To wait in the darkness of the night, with a thin, icy rain soaking through ragged shirts and tattered breeches, with bare feet frozen by the mud of the road—to wait in silence while turbulent hearts beat well-nigh to bursting—to wait for food whilst hunger gnaws the bowels— to wait for drink whilst the parched tongue cleaves to the roof of the mouth—to wait for revenge whilst the hours roll slowly by and the cries of the darkened city are stilled one by one!
Once—when a distant bell tolled the hour of ten—a loud prolonged laugh, almost impudent in its suggestion of merry insouciance, echoed through the weird silence of the night.
Roger felt that the man nearest to him shivered at that sound, and he heard a volley or two of muttered oaths.
“The fox seems somewhere near,” he whispered. “Come within. We’ll wait for him inside his hole.”
He led the way across the street, some of the men following him.
The door of the derelict house had been left on the latch. Roger pushed it open.
Silence and gloom here reigned supreme; utter darkness, too, save for a narrow streak of light which edged the framework of a door on the right. Not a sound stirred the quietude of this miserable hovel, only the creaking of boards beneath the men’s feet as they entered.
Roger crossed the passage and opened the door on the right. His friends pressed closely round to him and peeped over his shoulder into the room beyond.
A guttering piece of tallow candle, fixed to an old tin pot, stood in the middle of the floor, and its feeble, flickering light only served to accentuate the darkness that lay beyond its range. One or two rickety chairs and a rough deal table showed vaguely in the gloom, and in the far corner of the room there lay a bundle of what looked like heaped-up rags, but from which there now emerged the sound of heavy breathing and also a little cry of fear.

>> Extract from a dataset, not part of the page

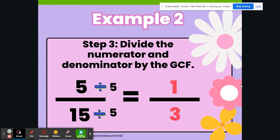Example 2 is almost finished. We are going to go to step 3 and divide the numerator and denominator by the GCF. Our GCF is 5. So we're going to take the numerator, 5, and divide it by 5, and that equals 1. And we're going to take the denominator, 15, and divide it by 5, and that equals 3. Our simplified answer is 1 third.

“Yvonne,” came in feeble, querulous accents from that same bundle of wretchedness, “are these the English milors come back at last?”
“No, no, father,” was the quick whispered reply.
Roger swore a loud oath, and two puny voices began to whimper piteously.
“It strikes me the wench has been fooling us,” muttered one of the men savagely.
The girl had struggled to her feet. She crouched in the darkness, and two little boys, half-naked and shivering, were clinging to her skirts. The rest of the human bundle seemed to consist of an oldish man, with long, gaunt legs and arms blue with the cold. He turned vague, wide-open eyes in the direction whence had come the harsh voices.